* _WHAT THE TASK REQUIRES_:
Scan the material for the word "Hybrid" and copy each line where it occurs.

* _RECORD EXTRACTS_:
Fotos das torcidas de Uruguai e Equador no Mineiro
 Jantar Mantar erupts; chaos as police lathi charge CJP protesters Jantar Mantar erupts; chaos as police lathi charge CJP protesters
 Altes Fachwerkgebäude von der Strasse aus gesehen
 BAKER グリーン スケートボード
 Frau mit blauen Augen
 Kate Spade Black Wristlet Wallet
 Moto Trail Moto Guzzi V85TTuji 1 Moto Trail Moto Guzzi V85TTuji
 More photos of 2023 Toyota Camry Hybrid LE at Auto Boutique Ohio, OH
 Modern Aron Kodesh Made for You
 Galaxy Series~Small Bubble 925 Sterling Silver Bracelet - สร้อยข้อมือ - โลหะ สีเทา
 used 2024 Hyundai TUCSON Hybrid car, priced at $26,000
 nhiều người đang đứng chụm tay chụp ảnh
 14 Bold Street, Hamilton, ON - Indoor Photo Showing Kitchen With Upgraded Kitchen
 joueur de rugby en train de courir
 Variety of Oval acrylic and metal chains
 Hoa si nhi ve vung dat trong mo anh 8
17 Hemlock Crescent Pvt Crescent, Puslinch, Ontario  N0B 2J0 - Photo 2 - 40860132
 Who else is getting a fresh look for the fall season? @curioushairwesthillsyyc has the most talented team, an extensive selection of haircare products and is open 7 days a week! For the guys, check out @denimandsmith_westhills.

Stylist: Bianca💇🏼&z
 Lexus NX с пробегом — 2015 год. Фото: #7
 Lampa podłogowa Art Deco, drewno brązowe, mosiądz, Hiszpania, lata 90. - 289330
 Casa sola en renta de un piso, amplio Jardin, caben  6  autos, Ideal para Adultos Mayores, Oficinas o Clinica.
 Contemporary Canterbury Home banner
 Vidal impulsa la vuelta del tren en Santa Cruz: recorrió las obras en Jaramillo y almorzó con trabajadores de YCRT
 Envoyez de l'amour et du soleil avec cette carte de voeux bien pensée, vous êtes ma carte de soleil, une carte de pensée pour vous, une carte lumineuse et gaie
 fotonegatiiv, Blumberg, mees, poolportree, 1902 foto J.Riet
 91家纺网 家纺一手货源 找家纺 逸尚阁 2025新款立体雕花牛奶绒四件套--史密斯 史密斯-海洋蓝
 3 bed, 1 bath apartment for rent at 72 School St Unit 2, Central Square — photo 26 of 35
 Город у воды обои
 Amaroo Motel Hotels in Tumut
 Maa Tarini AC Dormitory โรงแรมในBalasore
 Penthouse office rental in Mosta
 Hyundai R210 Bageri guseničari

* _YOUR SOLUTION_:
 More photos of 2023 Toyota Camry Hybrid LE at Auto Boutique Ohio, OH
 used 2024 Hyundai TUCSON Hybrid car, priced at $26,000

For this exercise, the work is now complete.